> [Work order]: Look through the listing for the string "with" and copy out every line that holds it.

> [Exercise material]:
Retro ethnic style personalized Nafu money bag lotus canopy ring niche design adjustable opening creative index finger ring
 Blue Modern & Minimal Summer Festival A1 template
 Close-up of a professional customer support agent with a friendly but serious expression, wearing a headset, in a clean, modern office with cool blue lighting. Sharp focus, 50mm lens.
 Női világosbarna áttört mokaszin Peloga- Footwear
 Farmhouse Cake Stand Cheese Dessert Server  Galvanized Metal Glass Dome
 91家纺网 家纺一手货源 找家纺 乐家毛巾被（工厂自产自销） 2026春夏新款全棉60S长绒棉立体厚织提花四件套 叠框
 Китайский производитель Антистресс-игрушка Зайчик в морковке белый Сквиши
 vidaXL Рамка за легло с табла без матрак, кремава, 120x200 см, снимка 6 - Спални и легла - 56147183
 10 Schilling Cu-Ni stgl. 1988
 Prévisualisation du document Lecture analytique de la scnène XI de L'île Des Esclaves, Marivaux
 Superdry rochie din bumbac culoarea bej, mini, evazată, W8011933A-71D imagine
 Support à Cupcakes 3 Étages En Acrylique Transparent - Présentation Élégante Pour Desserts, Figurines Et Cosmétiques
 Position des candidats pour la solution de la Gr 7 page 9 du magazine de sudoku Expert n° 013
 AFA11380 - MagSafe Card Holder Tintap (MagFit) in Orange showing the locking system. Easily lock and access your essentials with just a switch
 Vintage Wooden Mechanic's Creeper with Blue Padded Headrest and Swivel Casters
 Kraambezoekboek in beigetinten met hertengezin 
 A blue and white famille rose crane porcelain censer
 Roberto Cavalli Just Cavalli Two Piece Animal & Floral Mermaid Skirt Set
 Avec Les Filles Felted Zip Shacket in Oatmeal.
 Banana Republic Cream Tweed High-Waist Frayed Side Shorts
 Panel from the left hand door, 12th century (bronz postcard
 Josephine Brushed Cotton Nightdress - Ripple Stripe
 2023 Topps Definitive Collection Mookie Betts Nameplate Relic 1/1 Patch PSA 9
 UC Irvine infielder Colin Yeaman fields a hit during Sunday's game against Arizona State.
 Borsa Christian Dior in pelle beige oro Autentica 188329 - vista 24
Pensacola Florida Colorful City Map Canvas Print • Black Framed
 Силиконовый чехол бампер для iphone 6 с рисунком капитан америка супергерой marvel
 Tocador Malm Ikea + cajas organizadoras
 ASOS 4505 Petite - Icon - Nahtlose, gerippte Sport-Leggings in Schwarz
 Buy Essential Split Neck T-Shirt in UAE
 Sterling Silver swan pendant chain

> [Result for this task]:
 Close-up of a professional customer support agent with a friendly but serious expression, wearing a headset, in a clean, modern office with cool blue lighting. Sharp focus, 50mm lens.
 AFA11380 - MagSafe Card Holder Tintap (MagFit) in Orange showing the locking system. Easily lock and access your essentials with just a switch
 Vintage Wooden Mechanic's Creeper with Blue Padded Headrest and Swivel Casters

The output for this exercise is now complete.